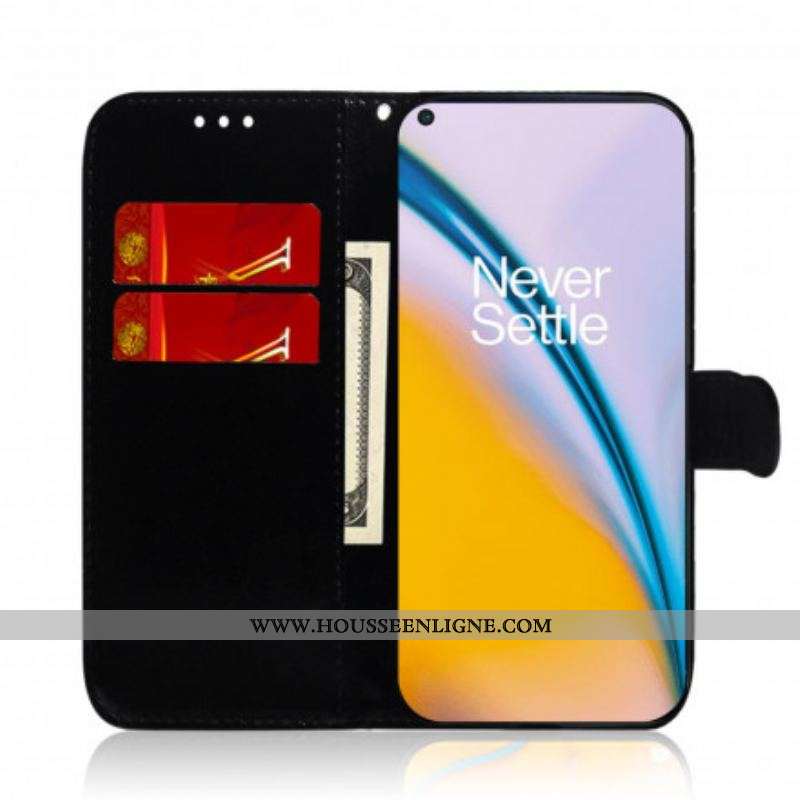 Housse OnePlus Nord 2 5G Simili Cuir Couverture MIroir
---
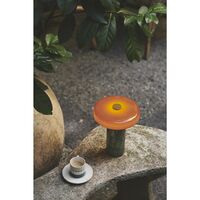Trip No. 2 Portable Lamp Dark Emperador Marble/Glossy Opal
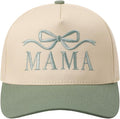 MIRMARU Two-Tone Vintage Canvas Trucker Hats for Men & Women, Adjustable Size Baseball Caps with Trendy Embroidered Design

## Task brief
Give the lines above again exactly, from the one containing "Trip No. 2 Portable" to the one containing "MIRMARU Two-Tone Vintage", both included, but leave out the pictures.

## Task result
Trip No. 2 Portable Lamp Dark Emperador Marble/Glossy Opal
 MIRMARU Two-Tone Vintage Canvas Trucker Hats for Men & Women, Adjustable Size Baseball Caps with Trendy Embroidered Design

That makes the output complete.